[DATASET EXTRACT — start]

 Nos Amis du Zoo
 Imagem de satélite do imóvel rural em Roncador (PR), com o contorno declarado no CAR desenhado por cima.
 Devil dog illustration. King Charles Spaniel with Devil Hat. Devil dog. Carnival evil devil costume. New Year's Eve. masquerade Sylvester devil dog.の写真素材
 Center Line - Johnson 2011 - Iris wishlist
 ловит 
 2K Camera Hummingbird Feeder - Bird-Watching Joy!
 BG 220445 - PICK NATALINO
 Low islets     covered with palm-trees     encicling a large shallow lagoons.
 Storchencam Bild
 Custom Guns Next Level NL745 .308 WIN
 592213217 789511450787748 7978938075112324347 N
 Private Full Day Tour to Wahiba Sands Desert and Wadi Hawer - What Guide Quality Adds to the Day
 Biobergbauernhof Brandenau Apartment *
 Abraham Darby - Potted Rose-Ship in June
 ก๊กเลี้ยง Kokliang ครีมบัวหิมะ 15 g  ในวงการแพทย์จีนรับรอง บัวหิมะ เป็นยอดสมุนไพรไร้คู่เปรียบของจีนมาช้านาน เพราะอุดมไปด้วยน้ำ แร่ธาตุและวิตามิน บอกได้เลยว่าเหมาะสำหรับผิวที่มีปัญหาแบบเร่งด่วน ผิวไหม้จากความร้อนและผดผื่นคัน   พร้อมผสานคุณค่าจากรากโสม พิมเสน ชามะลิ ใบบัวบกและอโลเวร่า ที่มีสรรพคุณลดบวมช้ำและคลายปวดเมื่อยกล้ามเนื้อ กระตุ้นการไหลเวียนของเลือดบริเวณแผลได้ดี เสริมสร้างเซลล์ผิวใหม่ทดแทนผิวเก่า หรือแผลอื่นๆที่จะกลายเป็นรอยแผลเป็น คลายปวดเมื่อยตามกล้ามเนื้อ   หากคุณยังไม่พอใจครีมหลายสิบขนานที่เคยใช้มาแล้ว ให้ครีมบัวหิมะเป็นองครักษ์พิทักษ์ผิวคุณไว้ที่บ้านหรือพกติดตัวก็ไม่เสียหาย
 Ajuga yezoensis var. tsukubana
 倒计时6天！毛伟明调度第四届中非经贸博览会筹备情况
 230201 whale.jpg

[DATASET EXTRACT — finish]

→ TASK ITEM:
Where does "with" appear in the records above? Copy every line that has it.

→ ANSWER SPACE:
 Devil dog illustration. King Charles Spaniel with Devil Hat. Devil dog. Carnival evil devil costume. New Year's Eve. masquerade Sylvester devil dog.の写真素材
 Low islets     covered with palm-trees     encicling a large shallow lagoons.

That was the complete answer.